# How much gain is too much a week?



## Eggp-1878 (Apr 30, 2014)

Just had my first week of a proper diet for a bulk. The idea is to lean bulk but I have went from 145 to 151 in 7 days. Should I cut the calories down or is this normal at first. Just don't want to put a load of fat on.

Im 23, male, 5ft 9, around 18% body fat, ectomorph.

Diet as follows;

Oatibix 70g

Banana

Protein Works 80 Whey Shake

2x Wholemeal bread with peanut butter

cashew nuts (50g)

pure orange juice

(After workout)

Cyclone shake

apple

Chicken (120g)

Wholegrain Rice (uncle bens microwave 240g)

BBQ sauce

cashew nuts (50g)

Muller light yoghurt

chicken/fish/beef (250g)

boiled potatoes or brown rice

side of vegetables

this comes to around 3,200 kcal a day. Roughly 50 carb 25 protein 25 fat.

should I slightly lower the calories or is 6lbs a week normal when beginning a bulk?


----------



## ashmo (Jul 1, 2011)

How are you weighing yourself?


----------



## johnnymctrance (Nov 21, 2012)

I seem to always jump up a few lb on my first week of bulking, its just water weight from carbs id say


----------



## Eggp-1878 (Apr 30, 2014)

Just normal scales in the gym (same set each time I've weighed myself, both times in morning after breakfast) keeping shorts/t shirt on.


----------



## ashmo (Jul 1, 2011)

Should be on an empty stomach mate best time is just after you've woken up after a piiss ha


----------



## Eggp-1878 (Apr 30, 2014)

ashmo said:


> Should be on an empty stomach mate best time is just after you've woken up after a piiss ha


I haven't got scales mate that's why I use the ones in the gym, so it's always after I've eaten. Not a massive breakfast like just oats and fruit.


----------



## Eggp-1878 (Apr 30, 2014)

johnnymctrance said:


> I seem to always jump up a few lb on my first week of bulking, its just water weight from carbs id say


Thought it would probably just be water retention. Cheers mate, I'll stick with the diet see how it's going in a few weeks.


----------



## johnnymctrance (Nov 21, 2012)

Eggp-1878 said:


> Thought it would probably just be water retention. Cheers mate, I'll stick with the diet see how it's going in a few weeks.

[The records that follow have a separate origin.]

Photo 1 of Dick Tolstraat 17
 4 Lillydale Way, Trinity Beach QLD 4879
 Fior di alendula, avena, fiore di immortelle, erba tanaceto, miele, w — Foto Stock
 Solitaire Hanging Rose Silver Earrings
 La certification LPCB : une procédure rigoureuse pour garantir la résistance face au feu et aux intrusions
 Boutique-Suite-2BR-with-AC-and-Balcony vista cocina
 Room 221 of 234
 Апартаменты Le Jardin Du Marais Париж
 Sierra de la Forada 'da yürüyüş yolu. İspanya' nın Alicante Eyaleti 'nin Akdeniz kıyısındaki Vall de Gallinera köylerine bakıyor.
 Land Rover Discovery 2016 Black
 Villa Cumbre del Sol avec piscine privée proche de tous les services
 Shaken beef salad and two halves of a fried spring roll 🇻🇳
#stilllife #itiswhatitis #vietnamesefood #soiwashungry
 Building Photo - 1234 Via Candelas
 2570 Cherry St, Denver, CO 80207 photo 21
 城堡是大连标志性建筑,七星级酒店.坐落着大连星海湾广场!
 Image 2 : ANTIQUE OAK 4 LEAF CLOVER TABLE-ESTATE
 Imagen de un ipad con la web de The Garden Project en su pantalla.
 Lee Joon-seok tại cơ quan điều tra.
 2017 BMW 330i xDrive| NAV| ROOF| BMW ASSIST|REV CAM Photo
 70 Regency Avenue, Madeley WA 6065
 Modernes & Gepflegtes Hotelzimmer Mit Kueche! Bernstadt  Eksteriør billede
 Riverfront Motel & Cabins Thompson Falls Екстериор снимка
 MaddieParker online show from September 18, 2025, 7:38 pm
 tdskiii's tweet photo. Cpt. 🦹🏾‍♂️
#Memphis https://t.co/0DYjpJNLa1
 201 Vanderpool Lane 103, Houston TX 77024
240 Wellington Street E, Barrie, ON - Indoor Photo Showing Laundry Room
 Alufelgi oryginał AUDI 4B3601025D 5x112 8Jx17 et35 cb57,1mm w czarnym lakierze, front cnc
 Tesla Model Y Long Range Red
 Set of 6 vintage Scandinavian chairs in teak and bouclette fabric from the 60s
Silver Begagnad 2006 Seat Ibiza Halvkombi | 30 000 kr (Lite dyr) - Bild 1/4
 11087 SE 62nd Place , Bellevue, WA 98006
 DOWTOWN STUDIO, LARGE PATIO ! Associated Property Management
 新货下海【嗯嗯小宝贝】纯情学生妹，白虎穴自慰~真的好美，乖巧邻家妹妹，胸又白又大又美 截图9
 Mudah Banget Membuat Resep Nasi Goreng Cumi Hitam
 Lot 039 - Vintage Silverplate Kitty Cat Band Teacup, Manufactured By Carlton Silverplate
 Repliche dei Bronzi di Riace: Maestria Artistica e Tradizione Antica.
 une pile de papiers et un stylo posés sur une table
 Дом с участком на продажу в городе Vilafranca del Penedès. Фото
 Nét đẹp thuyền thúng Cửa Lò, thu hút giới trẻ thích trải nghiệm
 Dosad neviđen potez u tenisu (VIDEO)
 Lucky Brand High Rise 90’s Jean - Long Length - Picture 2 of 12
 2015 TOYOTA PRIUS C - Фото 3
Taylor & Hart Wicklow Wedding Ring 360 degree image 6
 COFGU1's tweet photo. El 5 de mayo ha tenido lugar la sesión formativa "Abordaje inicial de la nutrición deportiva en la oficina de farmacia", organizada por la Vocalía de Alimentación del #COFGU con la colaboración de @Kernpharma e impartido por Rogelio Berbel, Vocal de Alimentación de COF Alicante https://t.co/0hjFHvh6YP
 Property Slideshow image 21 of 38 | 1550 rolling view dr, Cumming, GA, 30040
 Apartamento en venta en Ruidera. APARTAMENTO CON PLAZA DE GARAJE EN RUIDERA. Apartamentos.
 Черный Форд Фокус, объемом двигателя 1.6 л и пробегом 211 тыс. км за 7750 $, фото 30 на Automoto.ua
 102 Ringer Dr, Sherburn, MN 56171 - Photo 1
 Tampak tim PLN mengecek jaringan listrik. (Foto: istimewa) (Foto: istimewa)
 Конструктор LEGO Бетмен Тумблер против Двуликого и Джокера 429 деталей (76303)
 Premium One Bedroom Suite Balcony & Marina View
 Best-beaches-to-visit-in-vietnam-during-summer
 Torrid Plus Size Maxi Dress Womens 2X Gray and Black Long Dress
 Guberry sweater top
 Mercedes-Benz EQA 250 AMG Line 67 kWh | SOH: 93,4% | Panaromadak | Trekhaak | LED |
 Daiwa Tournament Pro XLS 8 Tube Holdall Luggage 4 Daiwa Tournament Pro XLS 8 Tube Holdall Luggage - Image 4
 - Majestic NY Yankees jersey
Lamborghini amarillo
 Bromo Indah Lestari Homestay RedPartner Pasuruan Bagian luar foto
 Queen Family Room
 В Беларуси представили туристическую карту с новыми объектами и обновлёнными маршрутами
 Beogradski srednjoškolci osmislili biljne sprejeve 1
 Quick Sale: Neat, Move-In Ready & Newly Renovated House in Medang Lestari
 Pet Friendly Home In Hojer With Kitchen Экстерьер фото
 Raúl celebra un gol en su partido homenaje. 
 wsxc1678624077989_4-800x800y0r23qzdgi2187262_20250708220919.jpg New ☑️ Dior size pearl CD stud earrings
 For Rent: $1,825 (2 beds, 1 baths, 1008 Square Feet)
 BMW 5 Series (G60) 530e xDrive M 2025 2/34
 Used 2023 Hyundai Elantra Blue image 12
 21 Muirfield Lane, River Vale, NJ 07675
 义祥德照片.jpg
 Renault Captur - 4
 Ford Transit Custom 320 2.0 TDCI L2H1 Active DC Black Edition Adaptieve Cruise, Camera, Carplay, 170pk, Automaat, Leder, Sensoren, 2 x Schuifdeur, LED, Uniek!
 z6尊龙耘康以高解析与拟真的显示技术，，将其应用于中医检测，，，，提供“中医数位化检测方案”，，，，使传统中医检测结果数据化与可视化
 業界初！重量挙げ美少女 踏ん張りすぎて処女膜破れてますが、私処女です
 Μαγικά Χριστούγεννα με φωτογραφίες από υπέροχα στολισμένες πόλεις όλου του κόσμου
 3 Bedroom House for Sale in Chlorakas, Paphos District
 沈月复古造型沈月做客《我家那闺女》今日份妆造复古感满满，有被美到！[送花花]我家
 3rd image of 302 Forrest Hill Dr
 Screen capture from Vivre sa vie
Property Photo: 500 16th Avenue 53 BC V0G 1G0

trust me u are not eating that much to equal 7lb gain of fat.. thats probably impossible haa


----------



## Big Man 123 (Aug 1, 2013)

Eggp-1878 said:


> Just had my first week of a proper diet for a bulk. The idea is to lean bulk but I have went from 145 to 151 in 7 days. Should I cut the calories down or is this normal at first. Just don't want to put a load of fat on.


*
You can only gain 1 ounce of muscle a day, that will be 200 grs of muscle gain a week, anything else is water, glycogen and fat.*



Eggp-1878 said:


> Im 23, male, 5ft 9, around 18% body fat, ectomorph.


*Ectomorphs don't exist, if you don't gain you are not eating enough.*



Eggp-1878 said:


> this comes to around 3,200 kcal a day. *Roughly 50 carb 25 protein 25 fat*.


*????*



Eggp-1878 said:


> should I slightly lower the calories or is 6lbs a week normal when beginning a bulk?


*What is your weight?*


----------



## Eggp-1878 (Apr 30, 2014)

Big Man 123 said:


> *
> You can only gain 1 ounce of muscle a day, that will be 200 grs of muscle gain a week, anything else is water, glycogen and fat.*
> 
> *Ectomorphs don't exist, if you don't gain you are not eating enough.*
> ...


151lbs/68kg


----------



## Ultrasonic (Jul 13, 2004)

Big Man 123 said:


> *Ectomorphs don't exist, if you don't gain you are not eating enough.*


I think you must be confusing ectomorphs with 'hardgainers'. Ectomorphs very definitely exist.

As ashmo hinted at, the 6lb weight gain in seven days will in part be simply due to more food in your digestive system, as well as water.

How have you measured your 18% body fat? If you really are at 18% I would suggest you consider cutting not bulking. Have a read of these two articles and see what you think:

http://www.t-nation.com/diet-fat-loss/bulking-diet-delusion

http://www.t-nation.com/free_online_article/sports_body_training_performance/the_truth_about_bulking

Do you own a pair of calipers to monitor body fat? If not, buy some. Monitoring your body fat this way is much better than a mirror to telling you where weight gain is. I make skinfold measurements once per week and find this very helpful.


----------



## gearchange (Mar 19, 2010)

I wouldn't panic,I can put on 6lb in a day if i eat and drink a lot.


----------



## nWo (Mar 25, 2014)

Big Man said:


> Ectomorphs don't exist, if you don't gain you are not eating enough.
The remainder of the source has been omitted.